After returning to the U.S. in 1999, I continued to teach and train whenever and wherever possible, eventually earning my Purple, Brown, and Black Belts. Jiu Jitsu continued to grow and more and more people were picking up on it. Jiu Jistu was beginning to become popular and accessible. It was getting to the point that people no longer had to go to Brazil to learn it.
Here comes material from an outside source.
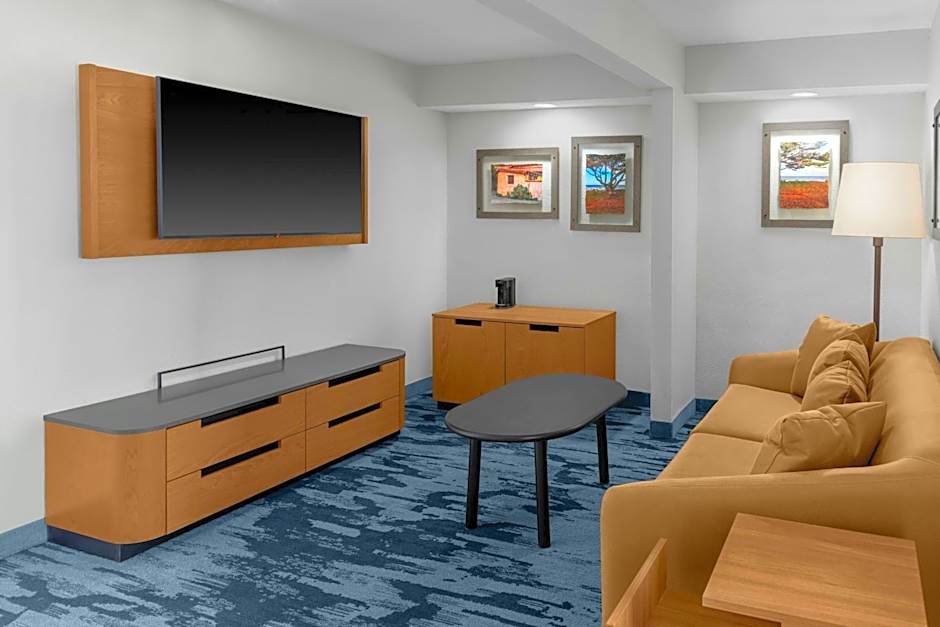 Fairfield Inn & Suites by Marriott San Francisco San Carlos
That same year, I had heard about a Black Belt living up in Detroit, Marcelo Grosso, who had earned his rank from Ricardo De La Riva. I called up and found that Grosso was traveling in Brazil at the time but he had a Brown Belt named Marcelo Montiero, also under De La Riva, watching his school for him. I went up and met Montiero and we began training together. I would organize seminars for him while he traveled between the U.S. and Brazil teaching and training, until I helped him permanently relocate to Indianapolis. I eventually earned my Purple and Brown Belts from Montiero.
Just under two years after receiving my Brown Belt, almost 13 1/2 years after I began training BJJ, I was presented with my Black Belt by Wally Holem from Carlson Gracie Team Mishawaka. It was a long road but one well worth it and one that continues to be rewarding.
Mitsuyo “Count Koma” Maeda -> Carlos Gracie Sr. -> Carlson Gracie -> Osiris Maia -> Wally Holem -> Alan Stockman
- Earned Blue Belt from Luiz Filho 1997 Fortaleza, Brazil.
- Earned Purple Belt from second generation Carlson Gracie Black Belt Marcello C. Monteiro 2000.
- Earned Brown Belt from Monteiro 2009.
- Earned Black Belt from Carlson Gracie Black Belt Wally Holem in 2011.
- Co-founded the Michiana Fight League and Bulldog Fight Team in 2006 and worked closely with UFC veterans Steve Lopez and Todd Brown.
- Spent almost 4 years in Brazil traveling, studying, competing, and training Jiu Jitsu.
- Fluent in Brazilian Portuguese.
- Graduated from IUPUI in 2002 with degree in Computer Engineering Technology and a minor in Electrical Engineering.
- Black Belt recognized by the USBJJF (United States Brazilian Jiu Jitsu Federation) | Affiliation Number: 31927.